Forse è per questa solo percepita differenza che i genitori deludono in qualche modo i figli quando crescendo, ci accorgiamo che anche loro sbagliano, sono Fallaci, e soggetti alla balia del caso esattamente come noi. Ed è questo, come dire questa loro mancata universalità, qualcosa che difficilmente si riesce ad accettare e soprattutto perdonare.
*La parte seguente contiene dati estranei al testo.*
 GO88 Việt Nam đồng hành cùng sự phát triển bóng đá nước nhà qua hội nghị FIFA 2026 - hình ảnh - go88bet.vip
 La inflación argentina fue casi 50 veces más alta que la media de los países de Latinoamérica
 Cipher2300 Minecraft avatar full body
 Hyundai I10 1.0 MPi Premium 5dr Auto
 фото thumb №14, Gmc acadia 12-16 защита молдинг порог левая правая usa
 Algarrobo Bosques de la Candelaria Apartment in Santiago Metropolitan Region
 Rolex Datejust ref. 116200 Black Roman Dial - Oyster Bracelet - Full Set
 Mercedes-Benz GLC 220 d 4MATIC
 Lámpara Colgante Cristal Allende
Io credo perché frantuma uno dei più bei sogni dell'infanzia; quella falsa speranza che una volta cresciuti avremmo capito tutto, o quasi. forse invece, perché man mano che scopriamo questa loro fragilità, così simile alla nostra, viene a mancare in noi quel pilastro in cui speravamo di trovare appoggio nelle decisioni difficili che l'esistenza inevitabilmente ci parerà di fronte, non lo so e penso che questo sia uno di quei misteri che più che l'esattezza della scienza, l'intuizione del mito può aiutare a decifrare; mi riferisco ad Edipo e i suoi emuli; l'assassinio del padre per prenderne il posto ma, al contempo sperare neppure tanto inconsciamente, che il più presto possibile, anche la nostra progenie faccia lo stesso per rinforzare le fila, augurandosi che il figlio non abbia più bisogno di essere sorretto ancora per molto, per essere portato avanti, ma ci offra un braccio a cui aggrapparci per avanzare sulla strada della vita.
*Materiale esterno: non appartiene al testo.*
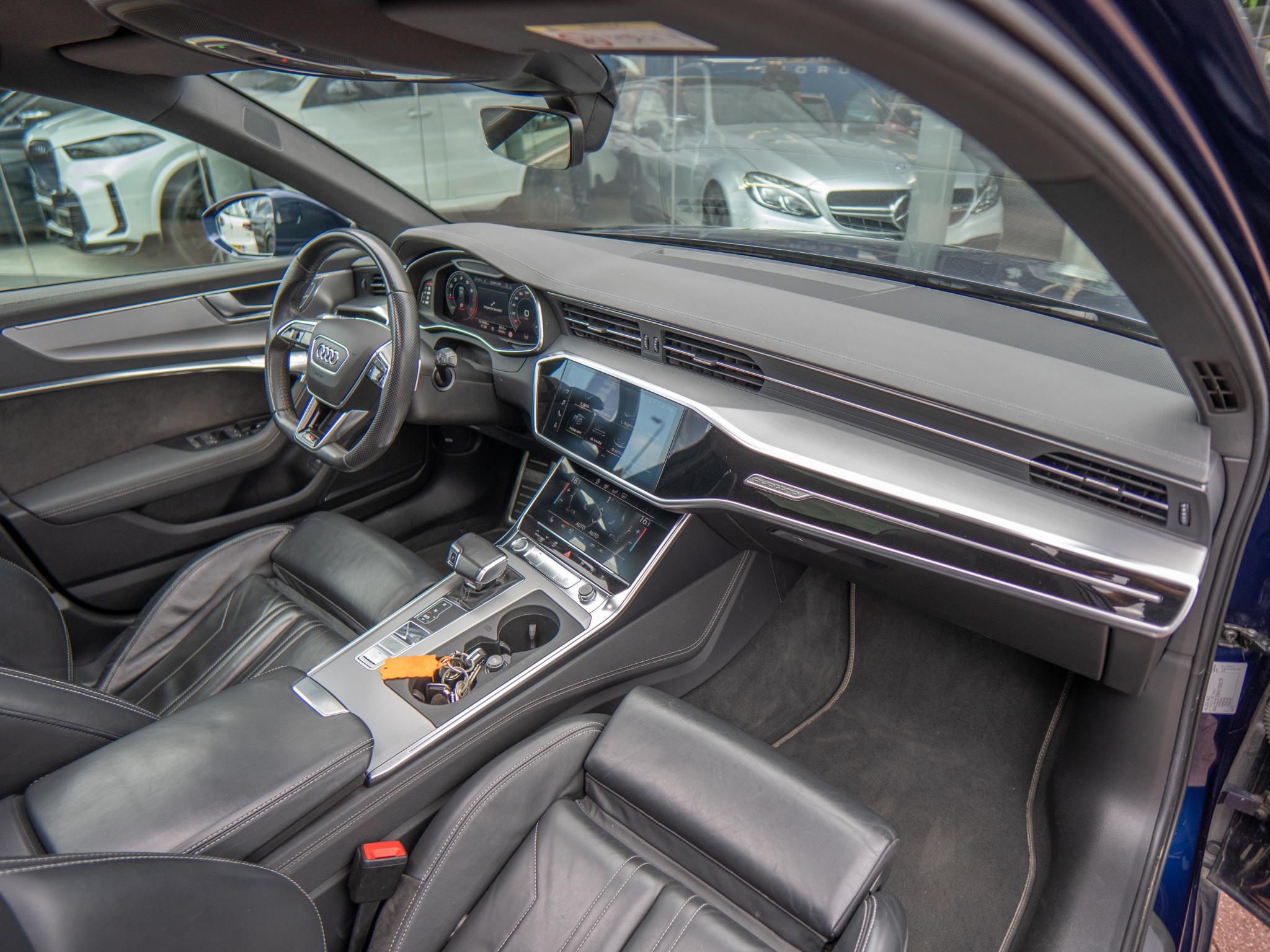 Foto van Audi A6 Avant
E mentre scrivo tutto questo penso alle mie figlie, e come in qualche modo vedono me e mia moglie, assieme a tutti gli adulti che gli sono cari come rocce a cui aggrappare la loro esistenza, ed anche se so che non è giusto e nemmeno lecito, penso come sarebbe bello e liberatorio spiegargli di non prendersela se anche noi sbagliamo, perché anche se un po' più grossi, in fin dei conti siamo anche noi, assieme a loro, come quei pollini leggeri trasportati dal vento, nell'oscura immensità che é la vita.